* **EXERCISE REQUIREMENTS**: From the material below, copy exactly the lines beginning with the one that contains "Good morning, everyone." and ending with the one that contains "It has a great"; the pictures stay out.

* **INPUT DATA**:
::::
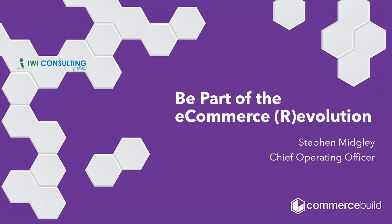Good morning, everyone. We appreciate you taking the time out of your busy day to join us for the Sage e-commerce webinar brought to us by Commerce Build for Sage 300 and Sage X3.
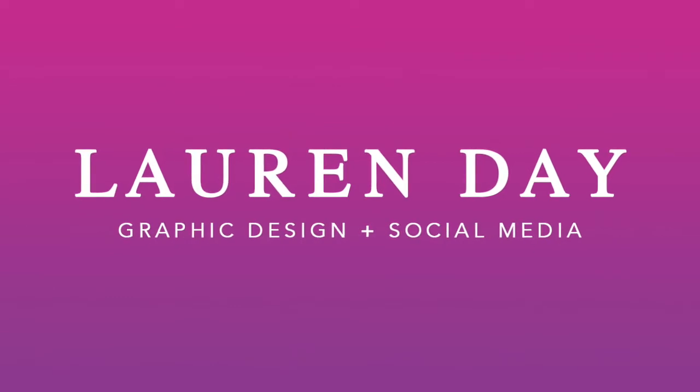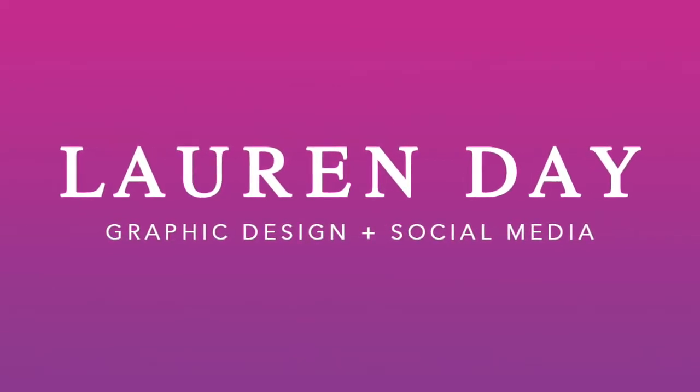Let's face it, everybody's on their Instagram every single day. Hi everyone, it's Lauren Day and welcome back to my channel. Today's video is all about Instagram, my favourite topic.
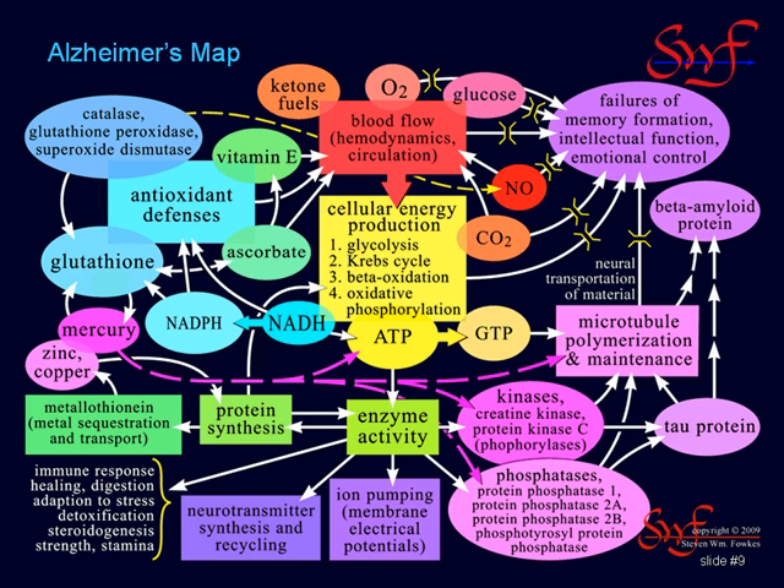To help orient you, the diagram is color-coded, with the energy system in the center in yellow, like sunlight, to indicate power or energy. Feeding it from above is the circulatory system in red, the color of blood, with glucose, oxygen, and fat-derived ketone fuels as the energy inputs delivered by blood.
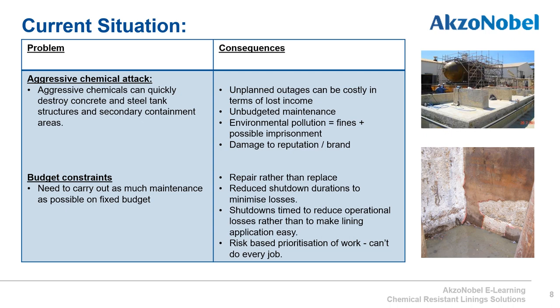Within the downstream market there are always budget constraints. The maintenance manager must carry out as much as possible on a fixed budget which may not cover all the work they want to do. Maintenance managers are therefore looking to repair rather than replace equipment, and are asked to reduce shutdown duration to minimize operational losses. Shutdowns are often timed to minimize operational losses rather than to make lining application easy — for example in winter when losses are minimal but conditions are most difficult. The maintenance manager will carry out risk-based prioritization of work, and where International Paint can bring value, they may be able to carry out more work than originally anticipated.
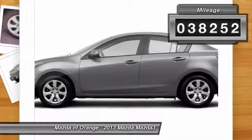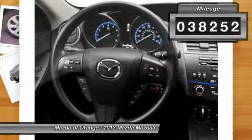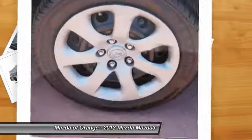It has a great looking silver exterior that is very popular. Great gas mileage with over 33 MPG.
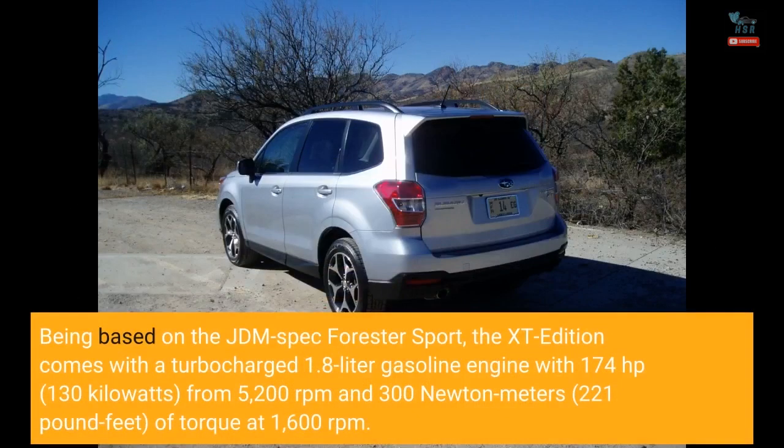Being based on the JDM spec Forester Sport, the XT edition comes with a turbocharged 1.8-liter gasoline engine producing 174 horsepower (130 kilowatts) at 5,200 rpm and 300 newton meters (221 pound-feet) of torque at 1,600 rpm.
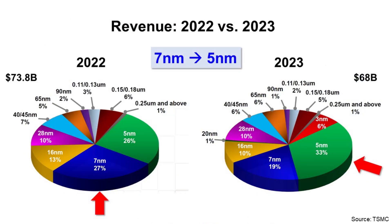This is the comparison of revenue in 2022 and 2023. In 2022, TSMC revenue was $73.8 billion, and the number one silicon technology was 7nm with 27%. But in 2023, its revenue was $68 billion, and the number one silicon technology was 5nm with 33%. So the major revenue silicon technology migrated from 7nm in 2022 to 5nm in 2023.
::::
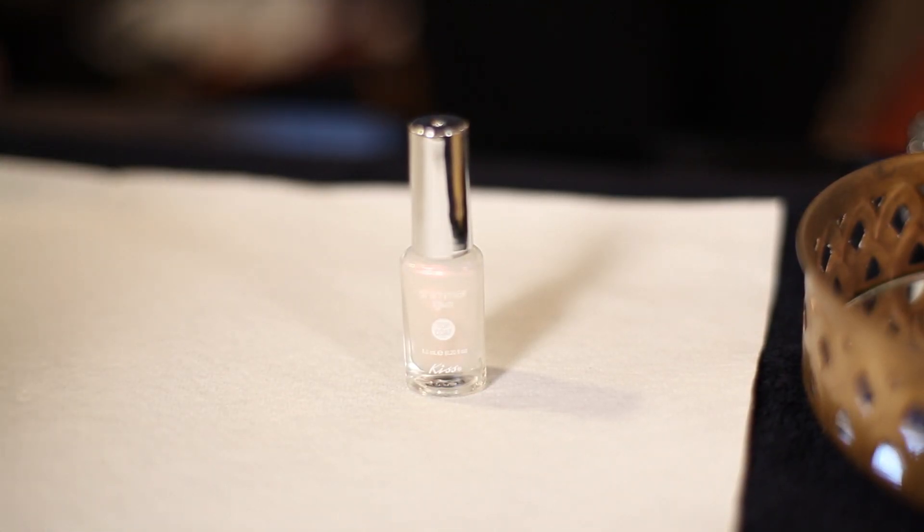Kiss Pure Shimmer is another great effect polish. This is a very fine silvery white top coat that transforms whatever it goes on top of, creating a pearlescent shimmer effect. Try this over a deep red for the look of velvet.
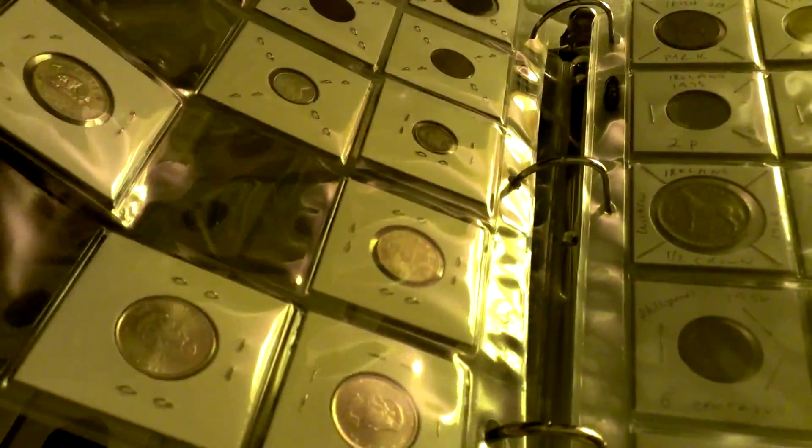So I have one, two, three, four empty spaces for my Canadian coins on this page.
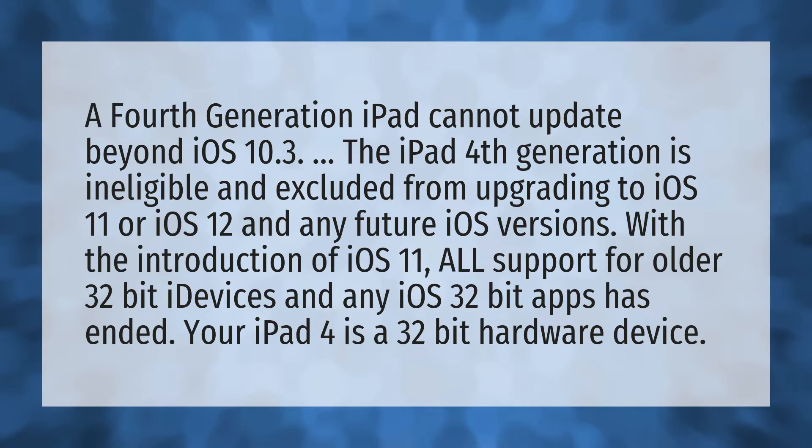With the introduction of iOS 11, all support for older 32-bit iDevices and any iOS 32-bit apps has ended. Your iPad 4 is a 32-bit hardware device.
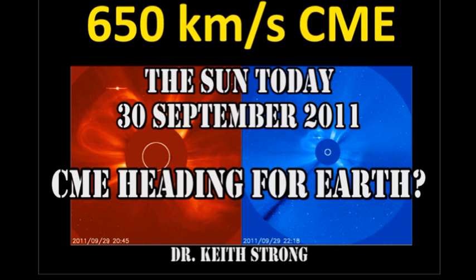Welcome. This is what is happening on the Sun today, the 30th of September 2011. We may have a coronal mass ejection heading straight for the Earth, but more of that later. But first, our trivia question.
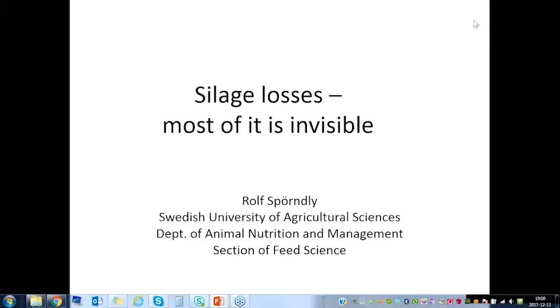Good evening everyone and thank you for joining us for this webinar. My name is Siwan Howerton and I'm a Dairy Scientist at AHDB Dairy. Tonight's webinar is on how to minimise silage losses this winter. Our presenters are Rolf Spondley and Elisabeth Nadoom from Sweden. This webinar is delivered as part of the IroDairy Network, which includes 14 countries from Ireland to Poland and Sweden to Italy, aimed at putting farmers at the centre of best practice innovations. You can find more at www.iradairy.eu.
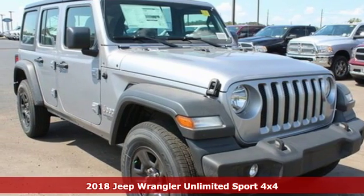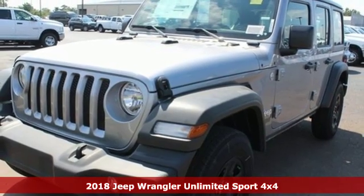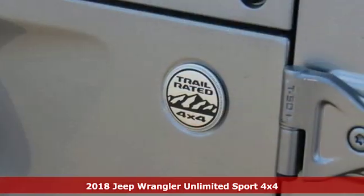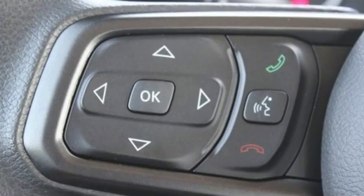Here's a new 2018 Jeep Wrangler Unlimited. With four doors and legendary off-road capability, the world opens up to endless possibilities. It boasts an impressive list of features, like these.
::::
* **REPLY TO THE EXERCISE**:
Good morning, everyone. We appreciate you taking the time out of your busy day to join us for the Sage e-commerce webinar brought to us by Commerce Build for Sage 300 and Sage X3.
Let's face it, everybody's on their Instagram every single day. Hi everyone, it's Lauren Day and welcome back to my channel. Today's video is all about Instagram, my favourite topic.
To help orient you, the diagram is color-coded, with the energy system in the center in yellow, like sunlight, to indicate power or energy. Feeding it from above is the circulatory system in red, the color of blood, with glucose, oxygen, and fat-derived ketone fuels as the energy inputs delivered by blood.
Within the downstream market there are always budget constraints. The maintenance manager must carry out as much as possible on a fixed budget which may not cover all the work they want to do. Maintenance managers are therefore looking to repair rather than replace equipment, and are asked to reduce shutdown duration to minimize operational losses. Shutdowns are often timed to minimize operational losses rather than to make lining application easy — for example in winter when losses are minimal but conditions are most difficult. The maintenance manager will carry out risk-based prioritization of work, and where International Paint can bring value, they may be able to carry out more work than originally anticipated.
It has a great looking silver exterior that is very popular. Great gas mileage with over 33 MPG.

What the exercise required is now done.